**Activity**
A word-for-word repetition of the records beneath this task is the expected answer.

(Dataset entries)
━━━━━━━━━━━━━━━━

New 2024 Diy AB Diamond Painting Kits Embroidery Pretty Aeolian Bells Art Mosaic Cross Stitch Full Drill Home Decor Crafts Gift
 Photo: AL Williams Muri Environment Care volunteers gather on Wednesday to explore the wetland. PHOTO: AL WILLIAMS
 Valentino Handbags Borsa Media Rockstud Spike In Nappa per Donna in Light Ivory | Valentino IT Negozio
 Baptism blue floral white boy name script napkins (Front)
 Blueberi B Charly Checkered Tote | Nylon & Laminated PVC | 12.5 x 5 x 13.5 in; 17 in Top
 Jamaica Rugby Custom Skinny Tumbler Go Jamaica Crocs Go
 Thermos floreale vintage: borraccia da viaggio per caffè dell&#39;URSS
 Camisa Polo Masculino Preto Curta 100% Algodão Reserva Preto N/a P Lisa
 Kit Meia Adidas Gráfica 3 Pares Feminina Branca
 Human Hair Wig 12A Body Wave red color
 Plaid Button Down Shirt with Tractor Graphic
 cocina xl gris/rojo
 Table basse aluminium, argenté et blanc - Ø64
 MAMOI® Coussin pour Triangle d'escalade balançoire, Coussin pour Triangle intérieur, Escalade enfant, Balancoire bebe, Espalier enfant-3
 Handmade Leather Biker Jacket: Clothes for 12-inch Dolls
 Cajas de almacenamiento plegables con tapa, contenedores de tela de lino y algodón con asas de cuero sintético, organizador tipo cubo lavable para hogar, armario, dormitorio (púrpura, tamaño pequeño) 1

━━━━━━━━━━━━━━━━

**Finished exercise**
New 2024 Diy AB Diamond Painting Kits Embroidery Pretty Aeolian Bells Art Mosaic Cross Stitch Full Drill Home Decor Crafts Gift
 Photo: AL Williams Muri Environment Care volunteers gather on Wednesday to explore the wetland. PHOTO: AL WILLIAMS
 Valentino Handbags Borsa Media Rockstud Spike In Nappa per Donna in Light Ivory | Valentino IT Negozio
 Baptism blue floral white boy name script napkins (Front)
 Blueberi B Charly Checkered Tote | Nylon & Laminated PVC | 12.5 x 5 x 13.5 in; 17 in Top
 Jamaica Rugby Custom Skinny Tumbler Go Jamaica Crocs Go
 Thermos floreale vintage: borraccia da viaggio per caffè dell&#39;URSS
 Camisa Polo Masculino Preto Curta 100% Algodão Reserva Preto N/a P Lisa
 Kit Meia Adidas Gráfica 3 Pares Feminina Branca
 Human Hair Wig 12A Body Wave red color
 Plaid Button Down Shirt with Tractor Graphic
 cocina xl gris/rojo
 Table basse aluminium, argenté et blanc - Ø64
 MAMOI® Coussin pour Triangle d'escalade balançoire, Coussin pour Triangle intérieur, Escalade enfant, Balancoire bebe, Espalier enfant-3
 Handmade Leather Biker Jacket: Clothes for 12-inch Dolls
 Cajas de almacenamiento plegables con tapa, contenedores de tela de lino y algodón con asas de cuero sintético, organizador tipo cubo lavable para hogar, armario, dormitorio (púrpura, tamaño pequeño) 1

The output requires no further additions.